Dix sept heures. Le jour commence à tomber sur le jardin tout habillé de neige. Il plane dans la maison une odeur fine, singulière, des herbes sauvages mises à macérer pour la tisane. Tandis que tout respire la douceur alentour, je me remémore le rêve de cette nuit.

Un rêve récurrent, dont seule varie la forme. Je retourne en arrière, en ce temps d'avant où j'étais encore enseignante en maternelle. Je tente d'expliquer, en vain. Non, je ne suis plus enseignante, je suis psychologue, d'ailleurs je quitterai bientôt mon poste, la retraite n'est-ce pas...

Rien à faire, il me faut assurer la classe.

Mais je en saurai pas, je ne saurai plus....

Qu'importe! La mine piteuse de mes collègues achève de me convaincre, elles semblent épuisées, ma voisine surtout qui attend un bébé. Aurais-je donc le coeur de me dérober?
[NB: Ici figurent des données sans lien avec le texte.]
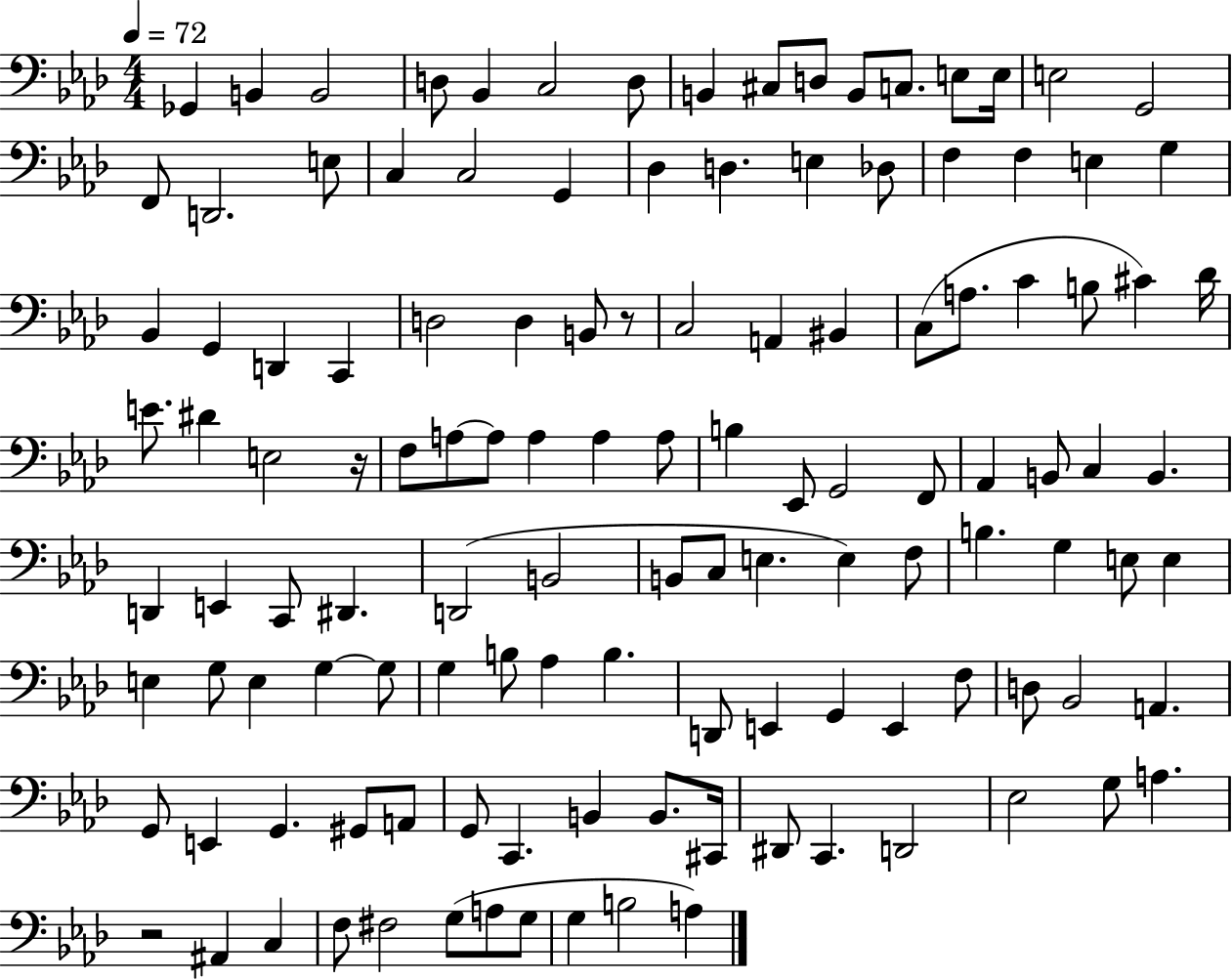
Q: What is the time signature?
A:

La bonne volonté ne suffit pas. Tout au long du rêve, j'erre en quête d'exercices, voyons, la personne que je suis censée remplacer a t-elle laissé des directives? Quel programme suivre? Où sont ses préparations afin que je puisse construire quelque chose de cohérent?

Et toujours ce sentiment d'être une sorte d'usurpatrice, les enfants vont perdre leur temps, avec moi ils ne pourront apprendre tant je ne suis pas à la hauteur d'une tâche depuis trop longtemps oubliée.

Sommée d'emprunter un rôle qui n'est pas ou plus le vôtre, n'est-ce pas finalement le versant factice de tous ces personnages dont nous nous croyons tenus d'endosser tour à tour les oripeaux? Enseignante, psychologue, mère, fille ou femme de, voisine, passante, brillante, timide, malicieuse, brune, « bon coup », irritable....

Un moment, juste un moment. Et après, de tout cela que restera-t-il?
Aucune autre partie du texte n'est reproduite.